4. The padlock shackle of claim 1 wherein the nickel-titanium alloy in the composite layer comprises from 54 to 58 weight percent of nickel with the remainder of the alloy being essentially titanium.
This invention relates to padlocks and more particularly to shackles for padlocks.
Conventional high security commercial locks exhibit good properties such as resistance to bolt cutters, resistance to chemical attack, ductility over wide range of temperatures, etc. The shackles of these locks are generally made of a single metal or alloy material such as hardened stainless steel.
Unfortunately, the recently introduced carbide toothed saws, such as the Grit EdgeŽ rod saw made by the Remington Arms Company, easily cut through these monolithic metals or alloy materials.
It would be desirable therefore, to provide a padlock shackle which would be resistant to carbide toothed saws. The shackle should also be resistant, chemical attack, ductile over a wide temperature range, and inexpensive to manufacture.
Accordingly an object of this invention is to provide a new type of padlock shackle.
Another object of this invention is to provide a padlock shackle which is resistant to carbide toothed saws.
A further object of this invention is to provide an inexpensive padlock shackle which is resistant to carbide toothed saws and chemical attack.
Yet another object of this invention is to provide a new method of manufacturing a new type of padlock shackle.

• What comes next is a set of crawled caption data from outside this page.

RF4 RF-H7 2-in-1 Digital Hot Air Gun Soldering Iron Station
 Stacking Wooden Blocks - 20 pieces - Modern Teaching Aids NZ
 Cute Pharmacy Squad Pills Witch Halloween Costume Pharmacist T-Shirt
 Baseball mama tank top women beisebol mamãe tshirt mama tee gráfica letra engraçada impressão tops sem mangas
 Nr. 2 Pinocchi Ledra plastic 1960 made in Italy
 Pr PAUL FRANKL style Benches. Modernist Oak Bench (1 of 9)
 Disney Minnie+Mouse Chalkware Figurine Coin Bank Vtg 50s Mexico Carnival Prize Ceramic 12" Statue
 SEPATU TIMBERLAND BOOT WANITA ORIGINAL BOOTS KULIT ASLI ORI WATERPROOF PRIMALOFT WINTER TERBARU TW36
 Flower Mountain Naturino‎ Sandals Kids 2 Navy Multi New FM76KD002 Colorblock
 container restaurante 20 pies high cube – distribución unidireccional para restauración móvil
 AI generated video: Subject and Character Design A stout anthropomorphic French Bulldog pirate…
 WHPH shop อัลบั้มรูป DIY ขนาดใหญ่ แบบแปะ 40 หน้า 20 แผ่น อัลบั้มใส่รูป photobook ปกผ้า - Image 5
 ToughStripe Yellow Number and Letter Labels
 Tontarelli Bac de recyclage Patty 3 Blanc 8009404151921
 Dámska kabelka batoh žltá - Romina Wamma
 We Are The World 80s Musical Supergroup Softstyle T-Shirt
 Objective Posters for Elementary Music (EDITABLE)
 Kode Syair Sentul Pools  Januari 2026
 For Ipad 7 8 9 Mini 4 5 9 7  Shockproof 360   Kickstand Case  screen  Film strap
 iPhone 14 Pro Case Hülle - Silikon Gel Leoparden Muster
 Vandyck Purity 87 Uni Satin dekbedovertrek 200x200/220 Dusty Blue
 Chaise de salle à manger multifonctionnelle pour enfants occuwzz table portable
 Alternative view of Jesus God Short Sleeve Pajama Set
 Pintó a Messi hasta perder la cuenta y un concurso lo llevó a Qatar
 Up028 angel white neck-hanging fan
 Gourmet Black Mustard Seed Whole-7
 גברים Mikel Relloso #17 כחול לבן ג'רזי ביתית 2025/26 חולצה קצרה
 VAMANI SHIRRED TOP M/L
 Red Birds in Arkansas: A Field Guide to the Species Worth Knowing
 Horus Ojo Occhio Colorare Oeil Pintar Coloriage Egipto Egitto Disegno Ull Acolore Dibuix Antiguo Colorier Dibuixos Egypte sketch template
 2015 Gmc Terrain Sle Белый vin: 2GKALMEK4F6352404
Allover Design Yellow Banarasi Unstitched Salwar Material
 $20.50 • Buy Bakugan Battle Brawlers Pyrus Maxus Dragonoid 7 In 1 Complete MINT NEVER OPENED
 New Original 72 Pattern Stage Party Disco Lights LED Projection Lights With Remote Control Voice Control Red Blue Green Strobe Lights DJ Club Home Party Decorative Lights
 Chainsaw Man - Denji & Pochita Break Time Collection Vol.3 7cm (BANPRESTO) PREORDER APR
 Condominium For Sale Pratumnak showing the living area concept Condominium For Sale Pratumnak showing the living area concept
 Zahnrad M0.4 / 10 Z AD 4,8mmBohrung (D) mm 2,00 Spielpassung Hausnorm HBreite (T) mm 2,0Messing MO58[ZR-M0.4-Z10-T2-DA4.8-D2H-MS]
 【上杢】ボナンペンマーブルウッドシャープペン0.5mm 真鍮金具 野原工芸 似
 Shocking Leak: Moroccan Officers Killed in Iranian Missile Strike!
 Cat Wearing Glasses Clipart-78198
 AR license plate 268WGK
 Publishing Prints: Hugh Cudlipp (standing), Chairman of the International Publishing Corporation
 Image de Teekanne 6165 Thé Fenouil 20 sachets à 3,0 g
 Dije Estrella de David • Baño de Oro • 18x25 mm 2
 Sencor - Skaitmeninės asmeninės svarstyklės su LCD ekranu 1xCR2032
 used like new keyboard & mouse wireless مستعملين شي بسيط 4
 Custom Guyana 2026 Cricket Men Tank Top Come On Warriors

These and other objects of this invention are achieved by providing
a padlock shackle made of an inner core of ductile Nitinol alloy, an outer casing of hardened stainless steel, and an intermediate layer of a composite of from 20 to 33 volume percent of tungsten carbide particles of from more than 0.6 mm to less than 2.0 mm in size with the remainder of the composite being essentially a matrix of a nickel-titanium alloy wherein nickel comprises from 53 to 62 weight percent of the alloy with the remainder of the alloy being essentially titanium.
A more complete understanding of the invention and a fuller appreciation of the many attendant advantages thereof will be readily derived by reference to the following detailed description when considered in connection with the accompanying drawings, wherein:
FIG. 1 shows the basic composite structure of the shackle bar;
FIG. 2 shows the Nitinol core and surrounded by the tungsten carbide/Nitinol powder mix in a rubber mold ready for cold isostatic pressing to form a green preform of a shackle;
FIG. 3 shows an assemble of green preforms of shackles in a sealed stainless steel can ready for hot swagging;
FIG. 4 is similar to FIG. 3, with stainless steel heel and toe plugs included with the green preforms; and
FIG. 5 shows the finished shackle.
Note: the following shorthand notations are used in this discussion of the preferred embodiment:
WC will represent tungsten carbide which contains a percentage of cobalt for toughness.
NiTi represents nickel-titanium alloys which are commonly referred to as Nitinol alloys. This abbreviation will include alloys containing from 53 to 62, or preferably from 54 to 58, or most preferably about 55 weight percent of nickel with the remainder of the alloy being essentially titanium.
Mesh as used here refers to standard mesh or standard sieve number. The Handbook of Chemistry and Physics 61st ed. 1980-81, page F-161, provides a table listing standard sieve numbers (mesh) versus size in mm or microns.
WC edged saws easily cut through conventional single metal or alloy padlock shackles. This invention provides a composite padlock shackle which is resistant to WC edged saws and similar saws. For instance, a 1/2 inch diameter bar of the composite material can be sawed to a 1/16 inch depth with a WC edged saw (Grit EdgeŽ saw, Remington Arms Company) but then becomes very resistant to further cutting.
Referring to FIG. 1, the basic composite structure of the shackle comprises a ductile NiTi alloy rod 10 which is surrounded by and bonded to a composite material 12 which comprises WC particles in a NiTi alloy matrix. The composite material 12 is surrounded by and mechanically bonded to an outer casing 14 of hardened stainless steel.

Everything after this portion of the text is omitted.